Please, don’t actually do this, even if you can! The point is: procedural memory is a powerful resource. Once you’ve repeated a task enough times you can do it, skillfully, without significantly taxing your conscious mental faculties.

Now it’s time for a secret: Whether you like it or not, other pilots can tell if you’re using procedural memory when you fly.

Your airline career starts with a very challenging training program that includes several checkrides. After that, you have to complete at least a couple trips of Operational Experience and another check ride with a Line Check Airman. I’ve known these programs to challenge even experienced military jet pilots with thousands of hours, and lots of instructor time. They’re not something to sneeze at. Your instructors and LCAs have many times your experience. They know exactly how a 1500+ hour pilot should be able to fly. It will be painfully obvious to them if you’ve tried to take a shortcut.

After training, you go out to fly on the line and there is no leeway for lacking skills. You’re expected to be able to fly the most challenging approach in the system, to the shortest runway, in the worst weather, from day one.

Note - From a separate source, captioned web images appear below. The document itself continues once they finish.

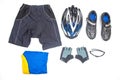 bicycle helmet, glasses, gloves, sportswear and cycling shoes on a white background Royalty Free Stock Photo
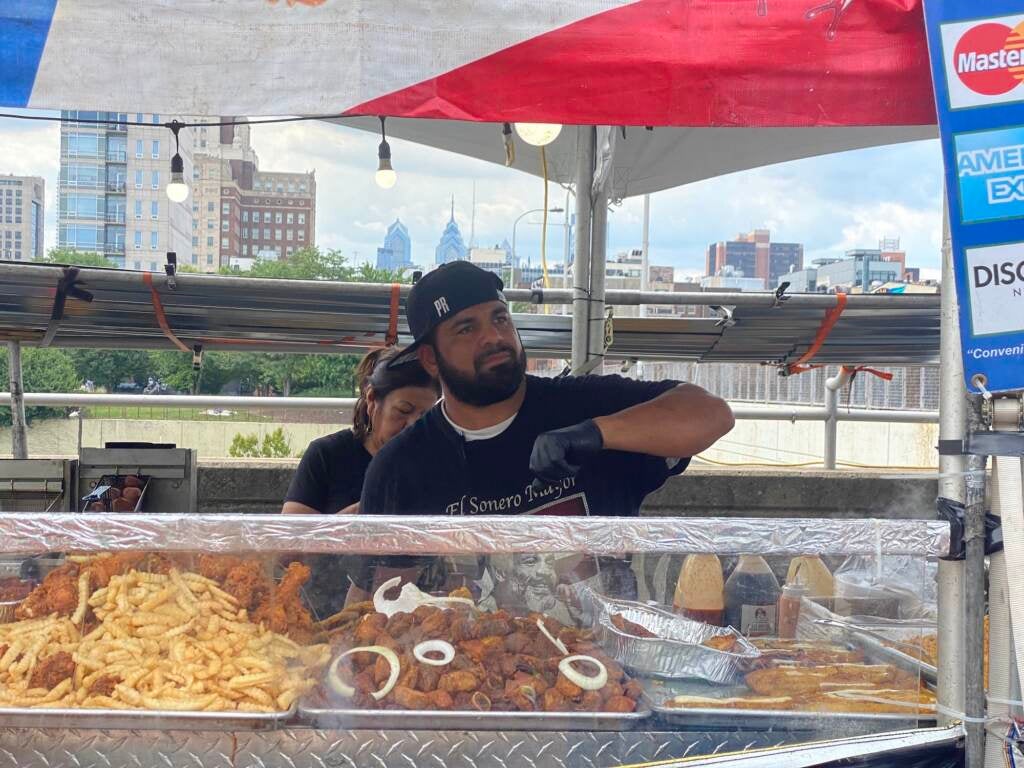 A chef looks over the countertop of his vendor station where he is selling food.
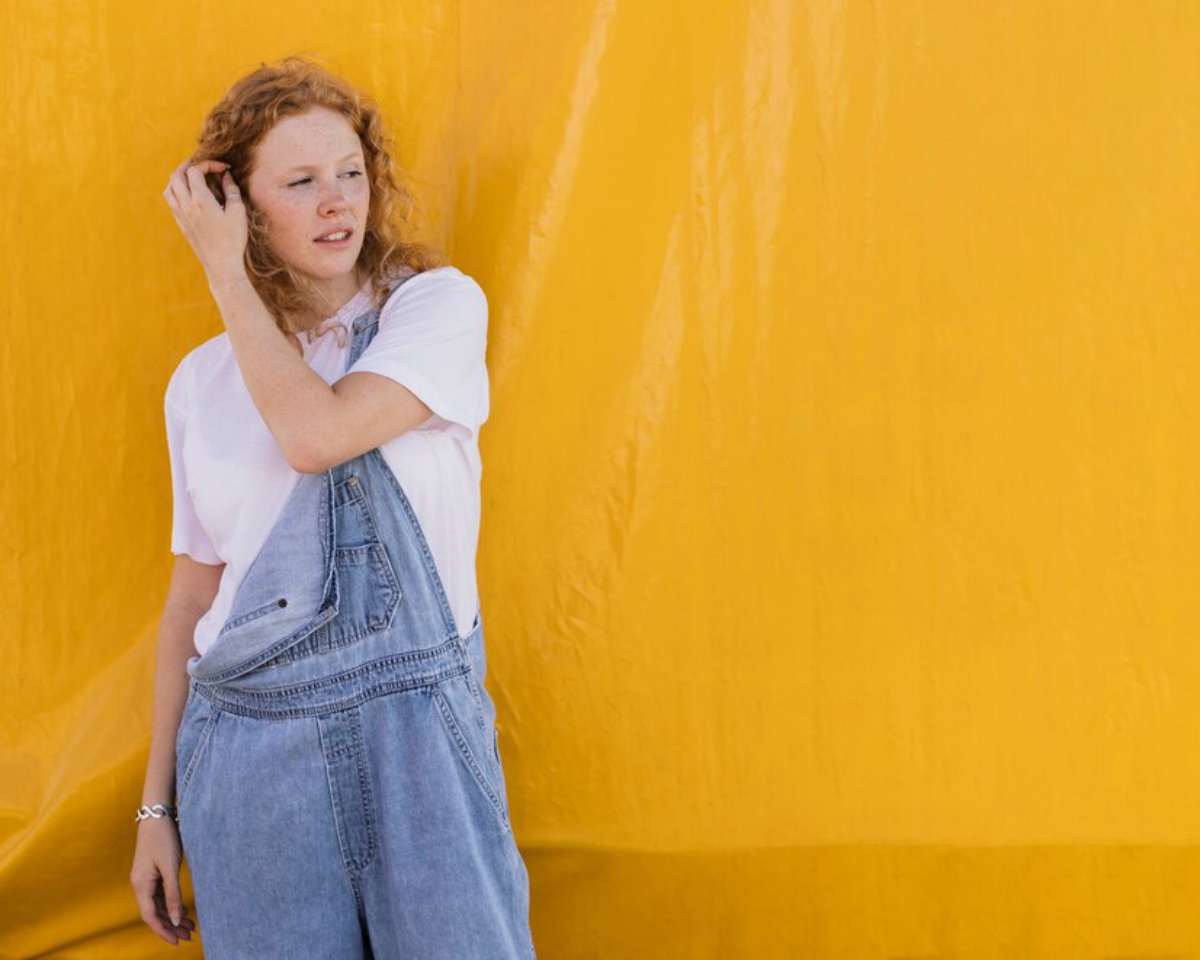 A person stands against a vibrant yellow backdrop, wearing a white t-shirt and denim overalls, casually touching their hair.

Whether it’s flying a rock-solid instrument approach, flying a safe and legal visual approach, dealing with the radio insanity that is Chicago O’Hare while also properly running checklists and hitting all your required call-outs, or landing an aircraft in challenging conditions, you will not be able to perform to standards if you haven’t obtained the requisite experience…or more.

This means padding your logbook is the worst possible “solution” to your problems. You may look like you can handle all these situations on paper , but if you lack sufficient experience you’ll run the risk of busting checkrides and jeopardizing your career in the long run. Flying at a major airline is a 20-30 year career that can easily pay $10M. Don’t risk losing that! Just fly for a couple more years and get your hours the honest way. It might cost you 10% of your remaining years available, but it’s better than losing 100% of your career!

To take this a step further: put yourself in the shoes of a major airline hiring manager. A lot of your new hires have had trouble getting through training. You’ve heard increasing rumors of people falsifying logbook entries. You were a low-time pilot once too…you know how to pad a logbook just as well as anyone else. With a minimal investment in resources, you could start investigating the validity of any logged flying that seems fishy. You could even do it very casually. You’re going to be calling past employers and training programs anyway. You could just add some remarks like, “You guys must have had some terrible weather in Daytona Beach the last few years…I’ve never seen anyone from your operation with as many IFR hours as Johnny.”

“What’s that, you’ve had 330+ days of sunshine per year for the last decade, and most of the clouds you do get are thunderstorms? Interesting….”

That’s just one of many ways I could think to ask about suspicious logbook entries without people even realizing what I’m doing. It could get out of control from there.

At my company, you almost can’t get yourself in trouble if you have a good attitude and you don’t lie. If you walk into the Chief Pilot’s office and say, “Boss, I screwed up. I’m sorry. Here’s what happened. Here’s how I was wrong. Here’s what I’m already planning to do to fix it,” you have a great chance of not getting fired. It’s wonderful!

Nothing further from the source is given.